The Egyptian Alliance for Human Rights & Development Brief: The most difficult Ethiopian elections in its history, and it comes in light of war and famine in the north, and serious doubts about its integrity

5 mins read

Tuesday 22nd June 2021

Press release 


 The Egyptian Alliance for Human Rights and Development has followed the Ethiopian elections that started yesterday morning, Monday, June 21, 2021 to start the voting process for the parliamentary and local council elections, after they were postponed twice due to the Covid-19 pandemic.

 The general elections in Ethiopia were scheduled for August 2020 but were postponed due to the Corona pandemic (COVID-19) The elections were then scheduled to take place on June 5, 2021, but were postponed to June 21, 2021 due to logistical problems according to the Election Commission Ethiopian.

 The Egyptian Alliance states that more than one-fifth (20%) of the 547 constituencies are not witnessing a voting process, due to security concerns and warnings of irregularities. Among these regions is the Tigray region, which witnessed a civil war that left a major humanitarian crisis, as it represented Tigray region has 38 seats in the national parliament.

 The Egyptian Alliance clarified that there are about (46) political parties competing in the sixth Ethiopian general elections, and more than (9) thousand candidates are competing for the House of Representatives and the regional councils, while (36) million Ethiopians registered their names to participate in the elections, and the number of candidates from the parties for these elections reached (9327) candidates, including (1976) female candidates.

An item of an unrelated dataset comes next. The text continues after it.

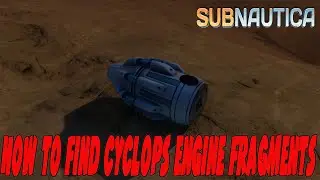 Subnautica: Easiest Way to Get Cyclops Engine Fragments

 The Prosperity Party has the most number of candidates with its registration of (2799) candidates, followed by the Ethiopian Citizens for Social Justice party known as “Ezima”, which is competing with 1,540 candidates, while the “Inat” party ranked third with (605). The Freedom and Equality Party with (578) candidates, the National Movement for the People of Amhara (510) candidates, and the Unity Organization for All Ethiopians (466) candidates.

 Polling stations opened their doors in Ethiopia yesterday, Monday, June 21, for voters to cast their votes in the general parliamentary elections, and the polling process began at six o’clock in the morning of Monday in (49) thousand (407) polling stations in the Ethiopian regions except for Tigray and Ethiopian Somali regions and 27 other constituencies.

 About 45 thousand local civil society organizations, in addition to 120 international observers, monitored the electoral process in Monday’s elections.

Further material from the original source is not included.